= REQUIRED WORK =
Begin with the line containing "Hotel Biscayne with" and end with the last line of the data below; return those lines exactly, and only those.

= PROVIDED DATA =

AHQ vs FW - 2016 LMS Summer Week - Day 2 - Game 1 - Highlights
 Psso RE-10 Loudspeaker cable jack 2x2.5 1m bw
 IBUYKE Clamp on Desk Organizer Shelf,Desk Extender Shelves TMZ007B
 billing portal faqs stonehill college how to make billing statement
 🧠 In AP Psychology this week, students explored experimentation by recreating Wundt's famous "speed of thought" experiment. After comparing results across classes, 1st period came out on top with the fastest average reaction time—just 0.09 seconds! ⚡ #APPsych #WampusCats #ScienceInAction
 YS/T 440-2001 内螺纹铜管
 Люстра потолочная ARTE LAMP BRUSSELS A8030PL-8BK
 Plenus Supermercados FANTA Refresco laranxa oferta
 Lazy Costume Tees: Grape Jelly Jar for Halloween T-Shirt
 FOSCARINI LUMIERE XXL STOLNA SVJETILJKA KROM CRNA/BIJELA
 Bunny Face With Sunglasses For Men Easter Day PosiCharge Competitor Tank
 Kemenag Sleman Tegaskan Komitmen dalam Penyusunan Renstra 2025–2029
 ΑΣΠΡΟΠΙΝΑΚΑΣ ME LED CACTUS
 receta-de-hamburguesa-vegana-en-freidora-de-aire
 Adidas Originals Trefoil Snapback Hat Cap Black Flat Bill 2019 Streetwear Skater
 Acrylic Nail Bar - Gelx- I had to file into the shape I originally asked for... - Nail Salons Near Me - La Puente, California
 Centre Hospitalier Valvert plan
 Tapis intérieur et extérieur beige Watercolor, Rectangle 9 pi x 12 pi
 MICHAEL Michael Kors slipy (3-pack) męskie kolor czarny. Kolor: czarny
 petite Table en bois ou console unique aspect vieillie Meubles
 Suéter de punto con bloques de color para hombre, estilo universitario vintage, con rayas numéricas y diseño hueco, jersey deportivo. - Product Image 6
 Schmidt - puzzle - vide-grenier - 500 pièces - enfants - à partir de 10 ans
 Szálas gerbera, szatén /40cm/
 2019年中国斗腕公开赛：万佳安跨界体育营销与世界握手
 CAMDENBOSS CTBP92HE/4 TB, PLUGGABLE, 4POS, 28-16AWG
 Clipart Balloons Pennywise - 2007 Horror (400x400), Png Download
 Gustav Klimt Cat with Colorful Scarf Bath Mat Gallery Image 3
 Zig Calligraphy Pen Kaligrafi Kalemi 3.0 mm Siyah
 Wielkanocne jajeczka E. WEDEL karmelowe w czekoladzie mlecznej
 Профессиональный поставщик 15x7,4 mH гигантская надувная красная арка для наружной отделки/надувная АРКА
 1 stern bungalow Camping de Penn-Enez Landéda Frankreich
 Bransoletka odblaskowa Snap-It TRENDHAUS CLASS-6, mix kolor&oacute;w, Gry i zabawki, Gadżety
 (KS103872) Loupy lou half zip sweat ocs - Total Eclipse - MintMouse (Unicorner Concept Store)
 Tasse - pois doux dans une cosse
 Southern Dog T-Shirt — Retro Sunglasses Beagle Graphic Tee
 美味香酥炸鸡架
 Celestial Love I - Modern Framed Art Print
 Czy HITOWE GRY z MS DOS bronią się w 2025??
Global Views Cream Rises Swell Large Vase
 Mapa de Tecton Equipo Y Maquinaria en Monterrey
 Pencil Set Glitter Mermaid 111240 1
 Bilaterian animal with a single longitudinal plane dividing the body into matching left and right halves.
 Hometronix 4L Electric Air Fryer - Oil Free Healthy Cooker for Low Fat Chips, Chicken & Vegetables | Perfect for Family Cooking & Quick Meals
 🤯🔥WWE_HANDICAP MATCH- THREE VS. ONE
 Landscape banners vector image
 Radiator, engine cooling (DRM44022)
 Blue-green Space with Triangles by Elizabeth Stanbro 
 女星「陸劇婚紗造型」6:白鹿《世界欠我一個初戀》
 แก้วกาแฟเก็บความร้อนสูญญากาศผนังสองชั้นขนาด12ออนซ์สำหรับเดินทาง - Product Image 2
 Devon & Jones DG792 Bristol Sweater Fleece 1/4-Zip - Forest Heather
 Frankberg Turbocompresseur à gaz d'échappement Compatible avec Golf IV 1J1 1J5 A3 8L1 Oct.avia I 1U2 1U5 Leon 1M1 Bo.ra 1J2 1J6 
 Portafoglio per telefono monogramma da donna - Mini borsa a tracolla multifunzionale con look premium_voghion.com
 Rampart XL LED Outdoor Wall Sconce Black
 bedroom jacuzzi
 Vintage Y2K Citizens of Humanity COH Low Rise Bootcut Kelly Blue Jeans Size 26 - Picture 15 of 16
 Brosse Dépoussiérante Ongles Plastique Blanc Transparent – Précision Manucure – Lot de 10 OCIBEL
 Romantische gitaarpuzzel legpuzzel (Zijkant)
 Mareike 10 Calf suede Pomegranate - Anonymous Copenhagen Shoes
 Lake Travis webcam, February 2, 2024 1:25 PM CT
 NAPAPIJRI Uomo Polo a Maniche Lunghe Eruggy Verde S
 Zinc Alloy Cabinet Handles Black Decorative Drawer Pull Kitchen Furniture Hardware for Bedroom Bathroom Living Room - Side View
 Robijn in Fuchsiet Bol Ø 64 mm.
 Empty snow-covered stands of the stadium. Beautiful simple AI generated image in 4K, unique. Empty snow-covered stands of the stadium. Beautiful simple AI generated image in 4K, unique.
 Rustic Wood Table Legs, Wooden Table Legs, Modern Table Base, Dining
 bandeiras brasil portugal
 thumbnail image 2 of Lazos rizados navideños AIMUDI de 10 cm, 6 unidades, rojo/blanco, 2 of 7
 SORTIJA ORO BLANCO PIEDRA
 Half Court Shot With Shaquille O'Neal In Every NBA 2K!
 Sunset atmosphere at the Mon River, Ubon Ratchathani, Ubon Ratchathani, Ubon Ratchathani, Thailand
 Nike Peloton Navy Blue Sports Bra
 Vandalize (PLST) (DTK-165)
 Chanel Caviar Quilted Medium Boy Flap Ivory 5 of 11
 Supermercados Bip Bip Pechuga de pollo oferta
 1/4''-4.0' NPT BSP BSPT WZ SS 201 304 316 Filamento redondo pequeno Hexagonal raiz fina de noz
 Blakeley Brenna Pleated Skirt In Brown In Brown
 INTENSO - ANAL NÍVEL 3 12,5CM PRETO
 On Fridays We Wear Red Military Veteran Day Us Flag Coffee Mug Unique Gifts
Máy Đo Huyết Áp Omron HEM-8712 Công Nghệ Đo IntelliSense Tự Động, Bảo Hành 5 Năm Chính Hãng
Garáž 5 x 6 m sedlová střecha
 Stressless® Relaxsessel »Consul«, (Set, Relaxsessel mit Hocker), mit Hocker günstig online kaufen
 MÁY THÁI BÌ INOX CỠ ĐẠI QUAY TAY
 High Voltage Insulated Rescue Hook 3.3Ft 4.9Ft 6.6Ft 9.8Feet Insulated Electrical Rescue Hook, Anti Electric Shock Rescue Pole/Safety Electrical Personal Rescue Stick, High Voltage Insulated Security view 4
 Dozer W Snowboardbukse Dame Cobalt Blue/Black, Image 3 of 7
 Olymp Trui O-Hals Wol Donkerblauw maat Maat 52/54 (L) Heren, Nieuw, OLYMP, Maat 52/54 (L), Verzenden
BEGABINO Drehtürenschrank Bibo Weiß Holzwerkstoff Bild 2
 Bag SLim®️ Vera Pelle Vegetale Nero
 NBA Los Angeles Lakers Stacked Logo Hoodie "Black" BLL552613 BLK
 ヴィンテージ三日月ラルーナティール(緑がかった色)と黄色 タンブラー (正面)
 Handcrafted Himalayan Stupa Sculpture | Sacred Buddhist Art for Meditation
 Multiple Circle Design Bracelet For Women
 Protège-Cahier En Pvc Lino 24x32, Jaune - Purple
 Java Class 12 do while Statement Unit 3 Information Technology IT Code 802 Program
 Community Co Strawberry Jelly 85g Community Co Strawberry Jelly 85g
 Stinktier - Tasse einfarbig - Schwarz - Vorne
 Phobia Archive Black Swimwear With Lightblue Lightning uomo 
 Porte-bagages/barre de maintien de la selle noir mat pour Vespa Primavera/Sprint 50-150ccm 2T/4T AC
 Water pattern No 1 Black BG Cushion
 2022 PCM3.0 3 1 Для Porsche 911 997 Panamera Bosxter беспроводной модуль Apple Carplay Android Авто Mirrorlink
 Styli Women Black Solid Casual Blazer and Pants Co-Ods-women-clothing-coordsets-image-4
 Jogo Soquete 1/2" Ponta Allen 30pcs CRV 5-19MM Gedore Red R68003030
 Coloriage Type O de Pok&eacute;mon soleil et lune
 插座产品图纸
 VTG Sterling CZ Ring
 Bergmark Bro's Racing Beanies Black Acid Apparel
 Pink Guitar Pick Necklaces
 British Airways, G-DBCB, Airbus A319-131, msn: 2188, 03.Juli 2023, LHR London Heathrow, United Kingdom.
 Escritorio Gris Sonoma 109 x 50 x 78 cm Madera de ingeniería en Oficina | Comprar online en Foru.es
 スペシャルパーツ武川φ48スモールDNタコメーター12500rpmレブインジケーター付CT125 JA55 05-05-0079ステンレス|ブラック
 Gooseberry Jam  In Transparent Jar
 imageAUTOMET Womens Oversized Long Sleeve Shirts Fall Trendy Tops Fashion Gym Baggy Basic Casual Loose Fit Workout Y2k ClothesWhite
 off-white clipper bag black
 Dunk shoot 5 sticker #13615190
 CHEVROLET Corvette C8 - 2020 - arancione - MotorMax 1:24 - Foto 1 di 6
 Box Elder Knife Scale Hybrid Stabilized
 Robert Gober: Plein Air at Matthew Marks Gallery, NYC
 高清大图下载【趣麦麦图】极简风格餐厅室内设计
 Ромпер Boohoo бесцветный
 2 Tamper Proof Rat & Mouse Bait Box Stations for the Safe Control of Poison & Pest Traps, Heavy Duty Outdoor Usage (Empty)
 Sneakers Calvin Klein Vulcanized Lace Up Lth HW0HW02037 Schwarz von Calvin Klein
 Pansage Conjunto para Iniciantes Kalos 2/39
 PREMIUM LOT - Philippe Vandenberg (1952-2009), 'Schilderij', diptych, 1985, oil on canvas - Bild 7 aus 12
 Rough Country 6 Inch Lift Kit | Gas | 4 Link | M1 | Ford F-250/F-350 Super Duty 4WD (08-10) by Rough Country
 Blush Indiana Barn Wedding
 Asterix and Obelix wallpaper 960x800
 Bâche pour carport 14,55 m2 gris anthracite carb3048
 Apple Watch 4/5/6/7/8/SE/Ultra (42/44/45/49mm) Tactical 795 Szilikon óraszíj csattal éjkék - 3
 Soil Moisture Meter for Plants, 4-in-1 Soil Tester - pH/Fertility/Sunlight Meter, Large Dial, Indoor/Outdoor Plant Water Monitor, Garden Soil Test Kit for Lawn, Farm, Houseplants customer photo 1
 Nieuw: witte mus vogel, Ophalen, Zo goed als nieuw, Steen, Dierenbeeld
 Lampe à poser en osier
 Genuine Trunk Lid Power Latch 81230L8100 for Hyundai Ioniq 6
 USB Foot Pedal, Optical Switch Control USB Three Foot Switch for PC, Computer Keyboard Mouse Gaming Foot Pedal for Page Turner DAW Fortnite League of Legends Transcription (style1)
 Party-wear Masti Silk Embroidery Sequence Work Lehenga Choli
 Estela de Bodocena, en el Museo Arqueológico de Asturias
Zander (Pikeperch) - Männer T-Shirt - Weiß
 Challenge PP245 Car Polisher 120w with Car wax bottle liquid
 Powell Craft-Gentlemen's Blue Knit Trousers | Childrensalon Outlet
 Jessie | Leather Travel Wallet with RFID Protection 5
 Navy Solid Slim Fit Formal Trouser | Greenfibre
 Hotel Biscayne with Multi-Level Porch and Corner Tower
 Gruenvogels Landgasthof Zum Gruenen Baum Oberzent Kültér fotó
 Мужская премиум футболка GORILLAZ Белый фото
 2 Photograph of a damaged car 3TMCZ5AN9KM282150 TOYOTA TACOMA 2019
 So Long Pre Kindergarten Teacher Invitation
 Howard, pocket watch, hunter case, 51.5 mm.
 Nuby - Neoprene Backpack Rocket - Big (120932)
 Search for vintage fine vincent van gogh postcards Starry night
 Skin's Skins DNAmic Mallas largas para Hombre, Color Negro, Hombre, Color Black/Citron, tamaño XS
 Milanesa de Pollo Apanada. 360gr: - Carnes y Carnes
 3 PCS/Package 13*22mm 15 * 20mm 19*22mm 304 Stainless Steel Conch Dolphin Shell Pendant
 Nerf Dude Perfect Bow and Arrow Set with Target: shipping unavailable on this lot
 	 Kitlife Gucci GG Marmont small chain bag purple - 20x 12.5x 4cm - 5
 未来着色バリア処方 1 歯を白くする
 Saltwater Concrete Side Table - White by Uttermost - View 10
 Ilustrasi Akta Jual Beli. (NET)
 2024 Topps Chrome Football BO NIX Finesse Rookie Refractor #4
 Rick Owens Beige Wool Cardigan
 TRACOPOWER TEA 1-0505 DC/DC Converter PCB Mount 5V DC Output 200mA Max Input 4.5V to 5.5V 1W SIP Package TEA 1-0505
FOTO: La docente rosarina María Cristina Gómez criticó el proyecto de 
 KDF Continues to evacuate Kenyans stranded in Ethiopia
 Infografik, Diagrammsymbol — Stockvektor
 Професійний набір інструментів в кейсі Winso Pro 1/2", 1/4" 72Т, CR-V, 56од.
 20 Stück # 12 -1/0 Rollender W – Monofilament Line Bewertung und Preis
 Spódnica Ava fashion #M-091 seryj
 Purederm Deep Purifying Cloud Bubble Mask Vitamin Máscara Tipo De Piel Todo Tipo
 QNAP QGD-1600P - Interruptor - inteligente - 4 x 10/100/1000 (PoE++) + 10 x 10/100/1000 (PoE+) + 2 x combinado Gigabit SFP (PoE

= RESPONSE BELOW =
 Hotel Biscayne with Multi-Level Porch and Corner Tower
 Gruenvogels Landgasthof Zum Gruenen Baum Oberzent Kültér fotó
 Мужская премиум футболка GORILLAZ Белый фото
 2 Photograph of a damaged car 3TMCZ5AN9KM282150 TOYOTA TACOMA 2019
 So Long Pre Kindergarten Teacher Invitation
 Howard, pocket watch, hunter case, 51.5 mm.
 Nuby - Neoprene Backpack Rocket - Big (120932)
 Search for vintage fine vincent van gogh postcards Starry night
 Skin's Skins DNAmic Mallas largas para Hombre, Color Negro, Hombre, Color Black/Citron, tamaño XS
 Milanesa de Pollo Apanada. 360gr: - Carnes y Carnes
 3 PCS/Package 13*22mm 15 * 20mm 19*22mm 304 Stainless Steel Conch Dolphin Shell Pendant
 Nerf Dude Perfect Bow and Arrow Set with Target: shipping unavailable on this lot
 	 Kitlife Gucci GG Marmont small chain bag purple - 20x 12.5x 4cm - 5
 未来着色バリア処方 1 歯を白くする
 Saltwater Concrete Side Table - White by Uttermost - View 10
 Ilustrasi Akta Jual Beli. (NET)
 2024 Topps Chrome Football BO NIX Finesse Rookie Refractor #4
 Rick Owens Beige Wool Cardigan
 TRACOPOWER TEA 1-0505 DC/DC Converter PCB Mount 5V DC Output 200mA Max Input 4.5V to 5.5V 1W SIP Package TEA 1-0505
FOTO: La docente rosarina María Cristina Gómez criticó el proyecto de 
 KDF Continues to evacuate Kenyans stranded in Ethiopia
 Infografik, Diagrammsymbol — Stockvektor
 Професійний набір інструментів в кейсі Winso Pro 1/2", 1/4" 72Т, CR-V, 56од.
 20 Stück # 12 -1/0 Rollender W – Monofilament Line Bewertung und Preis
 Spódnica Ava fashion #M-091 seryj
 Purederm Deep Purifying Cloud Bubble Mask Vitamin Máscara Tipo De Piel Todo Tipo
 QNAP QGD-1600P - Interruptor - inteligente - 4 x 10/100/1000 (PoE++) + 10 x 10/100/1000 (PoE+) + 2 x combinado Gigabit SFP (PoE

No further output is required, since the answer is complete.